Saturday, June 20, 2009

India's fiscal position suggests caution: Moody’s

Indian equities have rallied sharply in the last three months despite continuing risks to both the global economy and India's outlook. Investors took solace in India's relatively mild downturn and chances for faster recovery. However, Moody’s warns that the country’s fiscal position suggests caution, as the government is not in a position to offer sustained support to a weak economy.

The surge in Indian equities over recent months has been met with jubilation from investors, but possibly also some caution. Despite some retrenchment in recent days, the Sensex is up 83.4 per cent since March 9; it has now returned to levels seen in September of last year.

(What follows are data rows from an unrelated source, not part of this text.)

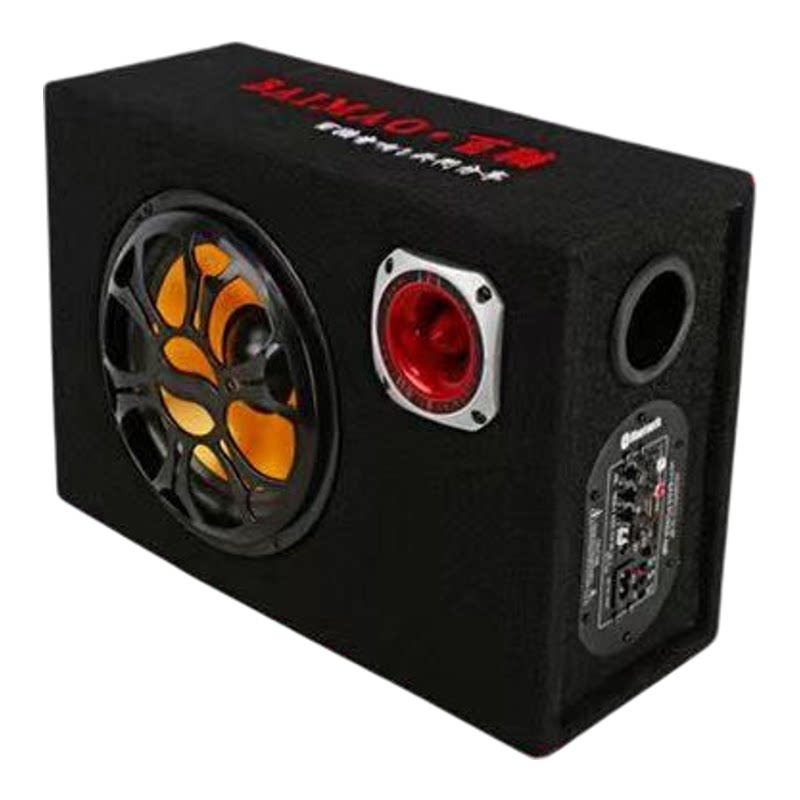 车载低音炮12v24v重低音汽车改装大音量蓝牙音箱220V家用电脑音响
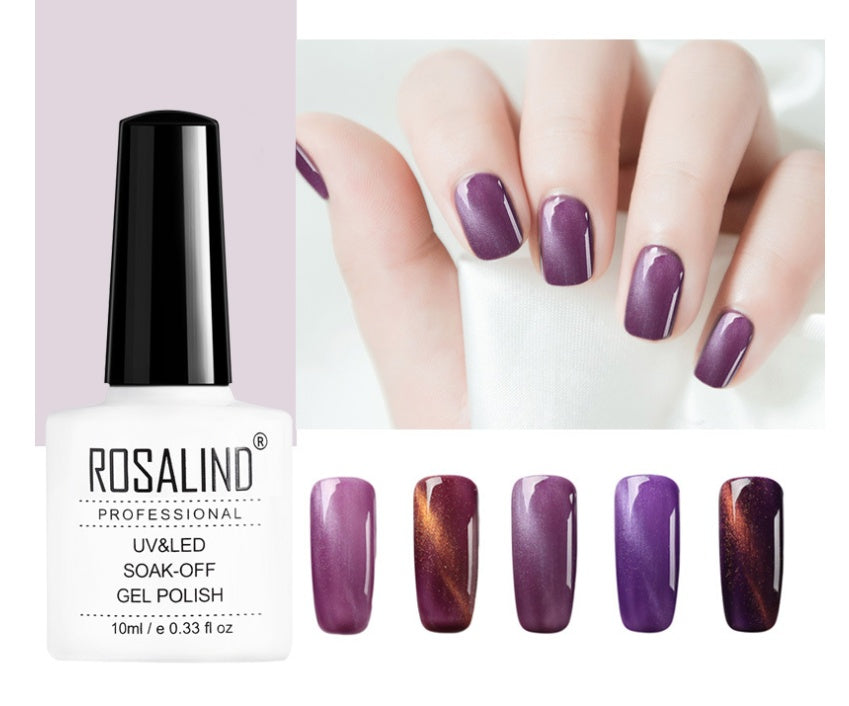 Vernis à ongles gel photothérapie effet œil de chat 30 couleurs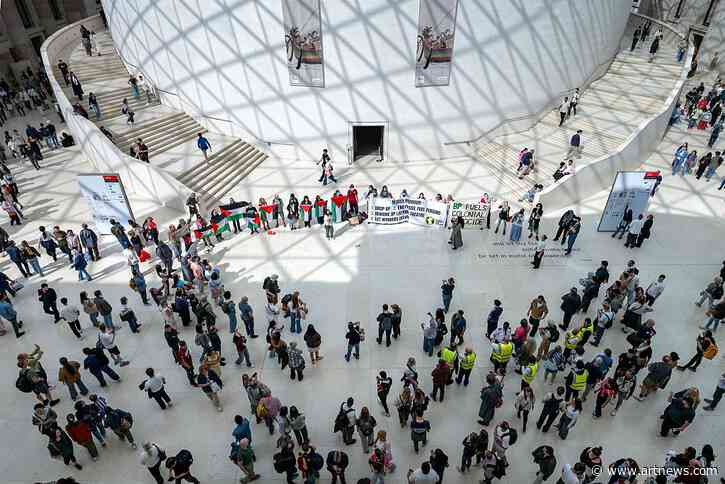 Pro-Palestine Activists Protest at British Museum During Bayeux Tapestry Exhibition’s Opening Weekend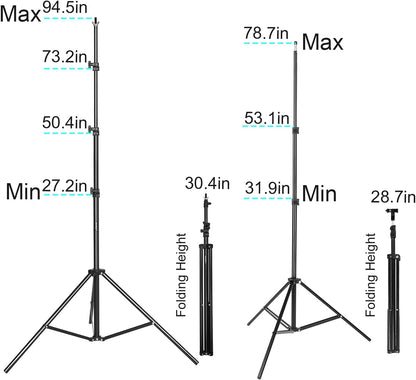 LDGHO 사진 조명 키트 8.5x10ft 배경 스탠드 5500K 800W 5번 사진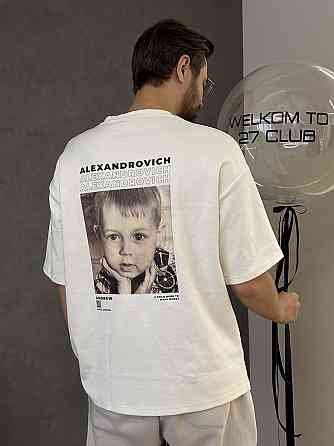 Оверсайз футболка з дитячим фото та високою якістю |  Індивідуальний дизайн Білий, L Чернівці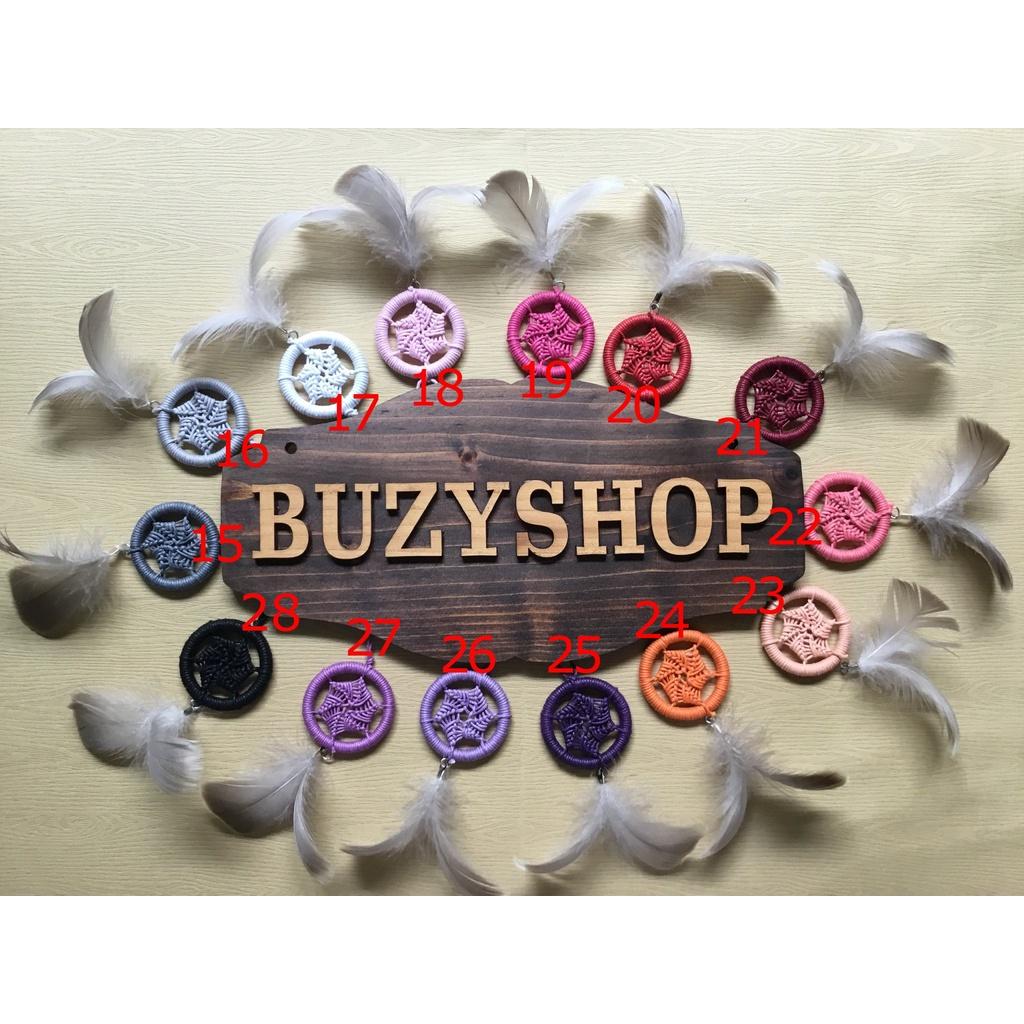 MẪU.1 dreamcatcher treo trang trí, làm móc khóa - mẫu phối cùng màu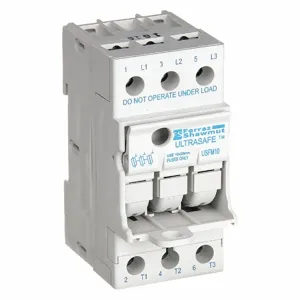 FERRAZ SHAWMUT USFM10 Finger-Safe Fuse Block, 3 Poles, 0 to 30 A, 600 VAC/DC, Screw, Nonindicating, Midget | CT3AHX 5FXT1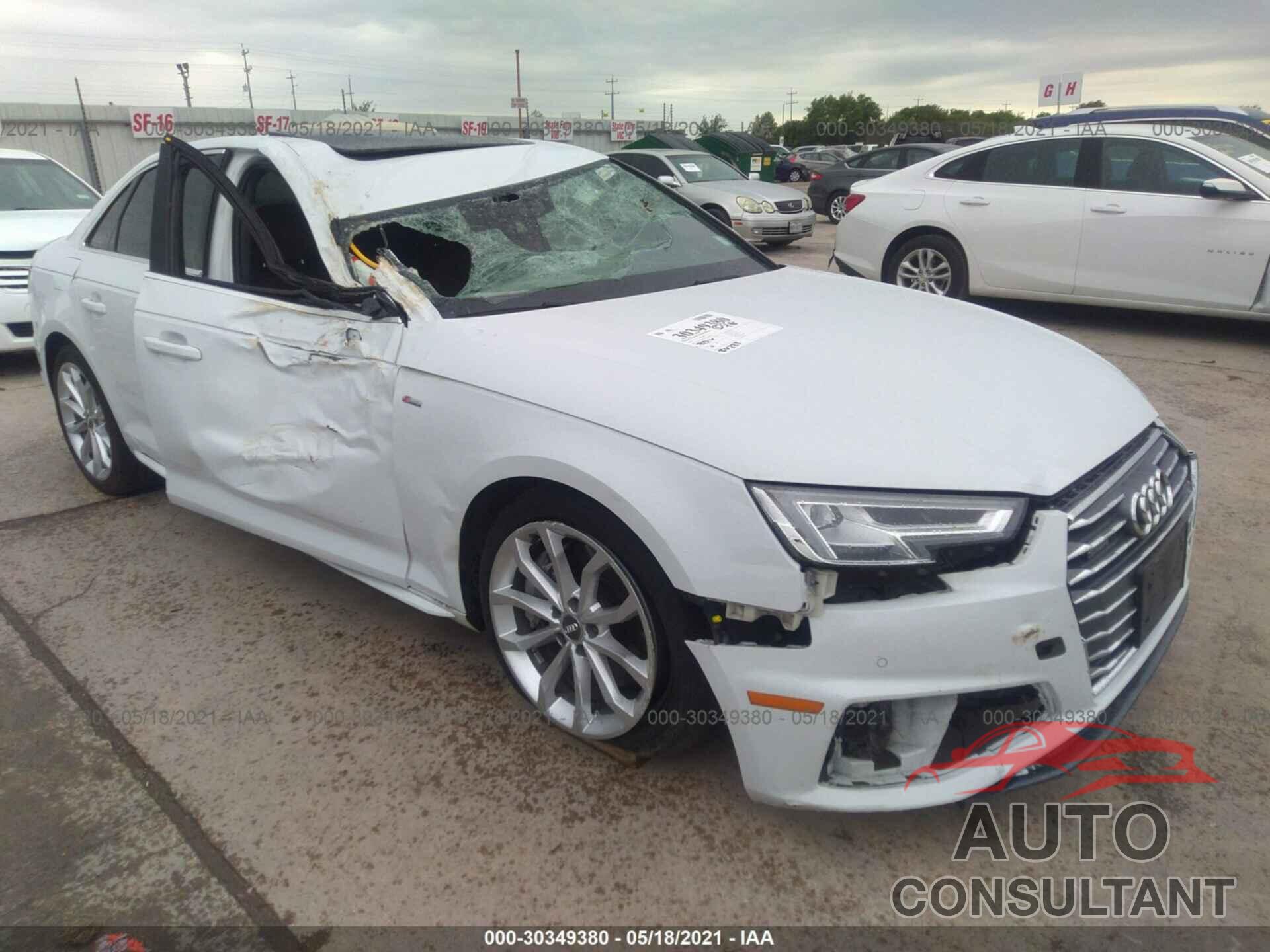 AUDI A4 2019 - WAUENAF42KA109416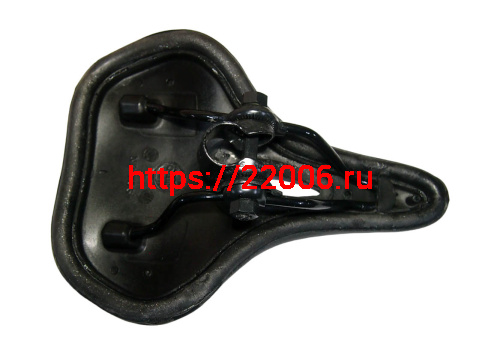 Сиденье вело 260х190мм, с вентиляцией без пружин, черное фото 2 Сиденье вело 260х190мм, с вентиляцией без пружин, черное фото 2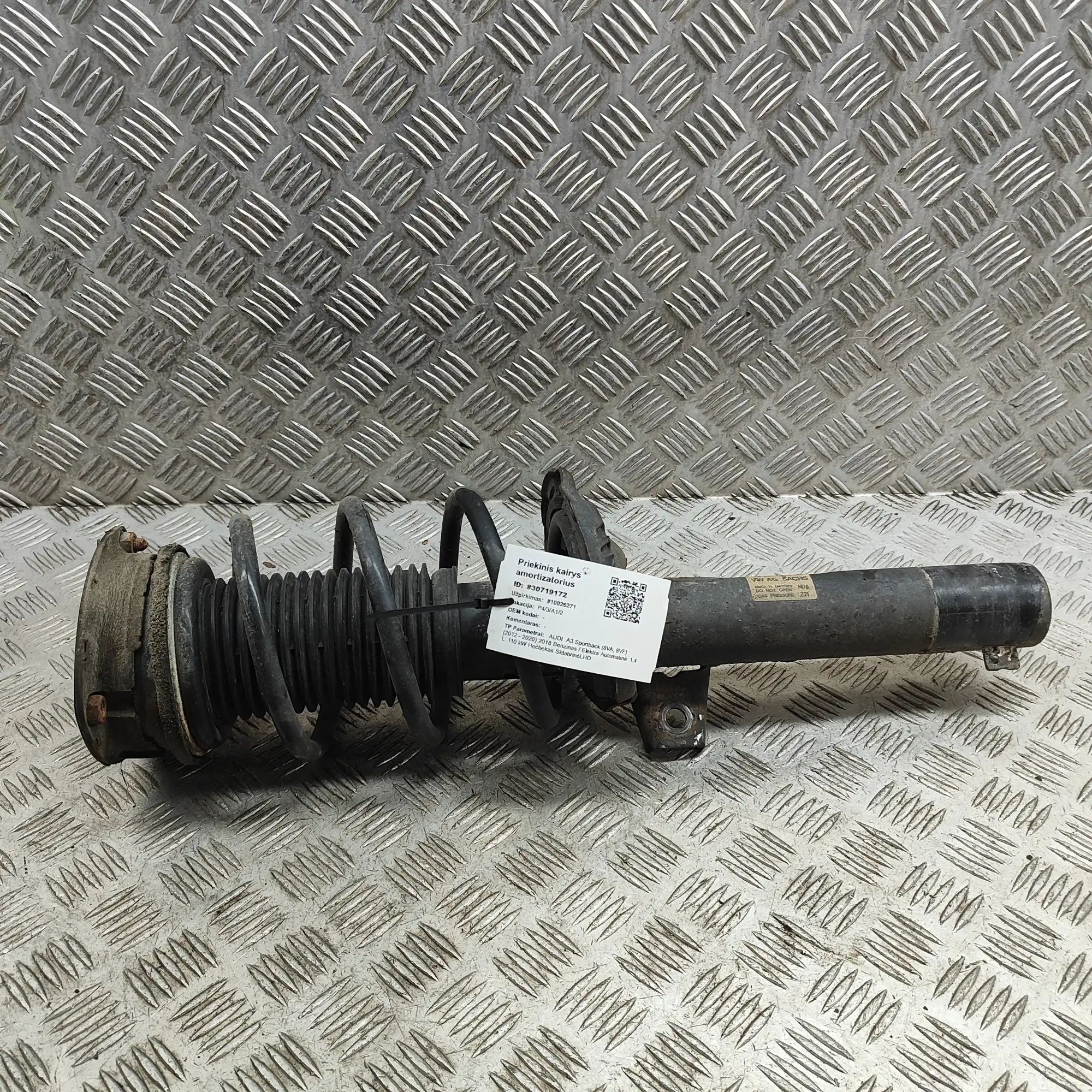 Audi A3 (8V) Shock absorber — front left Shock absorber — front left — AUDI A3 (Sportbac...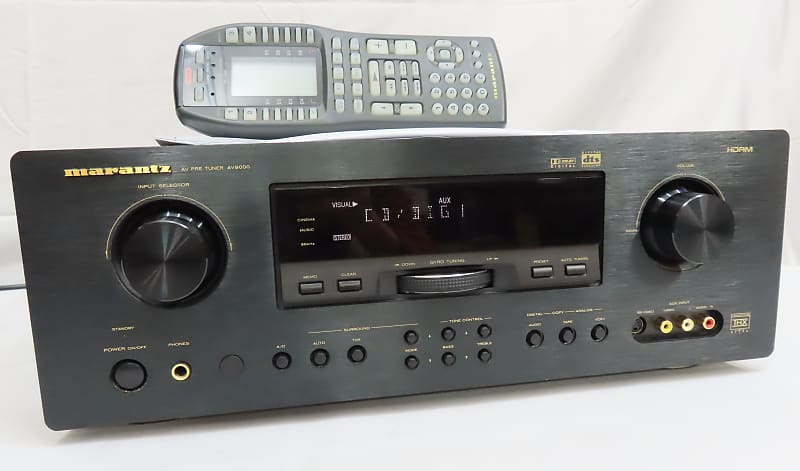 Marantz AV9000 Tuner Preamplifier - 5.1 Channel Preamp Includes Remote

Considering the dire scenarios that some were factoring into stock prices earlier this year, the rebound is not surprising. Yet there are several reasons to be skeptical about continued equity market improvement, believes Nikhilesh Bhattacharya, associate economist at Moody’s

According to Bhattacharya, “The major reason to question the strength of the recent rally is the state of the global economy. The developed world is still in recession, relying on fiscal and monetary stimulus on a scale unseen since World War II. Central banks and most independent analysts expect high unemployment, aversion to risk, and excess capacity to weigh on future growth. A recent discussion piece by International Monetary Fund economists showed that equity prices tend to bottom only at the end of a recession brought on by a credit crunch and asset price bust—not prior to the end.”

However, Bhattacharya sets a counterargument that India's downturn has bottomed and was mild compared with other countries. Based on first quarter GDP numbers, this appears to be the case. Yet Indian equities tend to take their lead broadly from US stock market movements, and it is hard to envisage a sustained divergence in direction, even though emerging markets can amplify US trends.

But India's economy faces its own challenges. “An already-stretched fiscal position has limited the government's ability to provide further stimulus, while weighing on government bond prices. Excess capacity, slowly recovering external demand, and relatively high long-term interest rates will drag on investment. Although the government has a strong majority in parliament, political will is required to cut popular subsidies and modernise labour laws. With global recovery prospects uncertain, these are further reasons to be cautious about Indian equity prices,” Bhattacharya concluded.